Chess openings…Google it and see how many results you get. Did your computer yell at you and tell you to go climb a tree? Figured. There are hundreds upon thousands of different openings one could employ when you sit down to play chess. Some people memorize these openings like their life depended on it. Others are more free style.
*Special Tip: When setting up the board, the white square should always go in the lower right hand corner and the queen should always go on her own color.
A chess opening is a series of moves on both sides that are common or familiar. Chess openings serve as a guide to how the first five or ten moves should go. When you decide you want to browse different kinds of openings to see which one suits your fancy, you’ll run into what’s called “notation.”
Notation is a way to record the movements of each player so that entire games can be recorded. There are two main ways to notate a game.
Descriptive: Writing the first initial of the piece you are moving then writing what square you’re moving to in relation to other pieces is called descriptive notation. For example…moving the pawn forward in front of your king two spaces would be P-K4, or Pawn to King 4. “4″ represents the number of ranks or rows you’ve advanced. Your king, queen, bishops, knights, and rooks start on the first rank. Your pawns start on the second. This notation is applicable to both sides in that you would notate from your point of view, meaning if your opponent responds the same way, he would also write P-K4 and not P-K5.
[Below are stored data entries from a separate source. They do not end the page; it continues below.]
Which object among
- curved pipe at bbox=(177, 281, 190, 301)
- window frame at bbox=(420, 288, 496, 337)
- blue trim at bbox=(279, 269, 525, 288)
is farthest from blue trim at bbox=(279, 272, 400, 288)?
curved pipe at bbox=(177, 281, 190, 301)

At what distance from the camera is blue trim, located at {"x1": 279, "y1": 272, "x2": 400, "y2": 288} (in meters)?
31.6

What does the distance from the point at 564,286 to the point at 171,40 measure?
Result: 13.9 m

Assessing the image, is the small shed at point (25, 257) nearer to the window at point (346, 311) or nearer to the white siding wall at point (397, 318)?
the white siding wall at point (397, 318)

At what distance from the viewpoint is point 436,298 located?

Algebraic: Each square has a letter and number assigned to it. Letters horizontal, numbers vertical. From white’s point of view, A1 starts on the very left where his rook is. Black’s rook on the same row would be A8. This is different from descriptive as the point of view is the same no matter what side is moving, a square will always be A1 or A8. Moving king pawns forward two spaces on both sides would read…E2-E4, E7-E5.
With that said…chess openings.
As I mentioned before you’ll get many search results when you Google “chess openings.” There is almost an equal number of books on the subject.
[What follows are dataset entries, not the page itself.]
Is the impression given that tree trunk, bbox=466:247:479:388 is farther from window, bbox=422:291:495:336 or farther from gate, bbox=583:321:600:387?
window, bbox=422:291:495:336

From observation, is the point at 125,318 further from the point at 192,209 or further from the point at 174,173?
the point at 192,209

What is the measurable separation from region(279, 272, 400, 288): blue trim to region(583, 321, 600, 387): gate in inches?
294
You want my honest advice? I guess you would, seeing as how you made it this far in the article. Don’t kill yourself memorizing openings. Don’t waste your money buying books on openings. Don’t worry about conforming to a pre-set series of moves someone else invented.
Chess is not a game of memorization. Chess is a game of adaptation and innovation. It would be impossible…and I mean impossible, to predict what your opponent will really do on his next move despite what the obvious best move might be in your eyes. Chess openings are all fine and dandy if you both know them and follow them like good little robots. The problem is we’re not robots. All it takes is one move to throw your pre-set plan into the crapper.
I was in the United States Chess Federation in my youth and played many people who sat there reading books and stressing over the correct way to play openings. I laughed and when it came time to play them, I played whatever I felt was the best move at the time and not what some book told me to do. Watching their face fall when they realized that their master plan (on paper anyway) had fallen apart because I wasn’t responding the way they expected was priceless.
Don’t try fancy openings you will have difficulty adapting to when things don’t go the way you planned. Play at your level bracket, play smart, and play to have fun.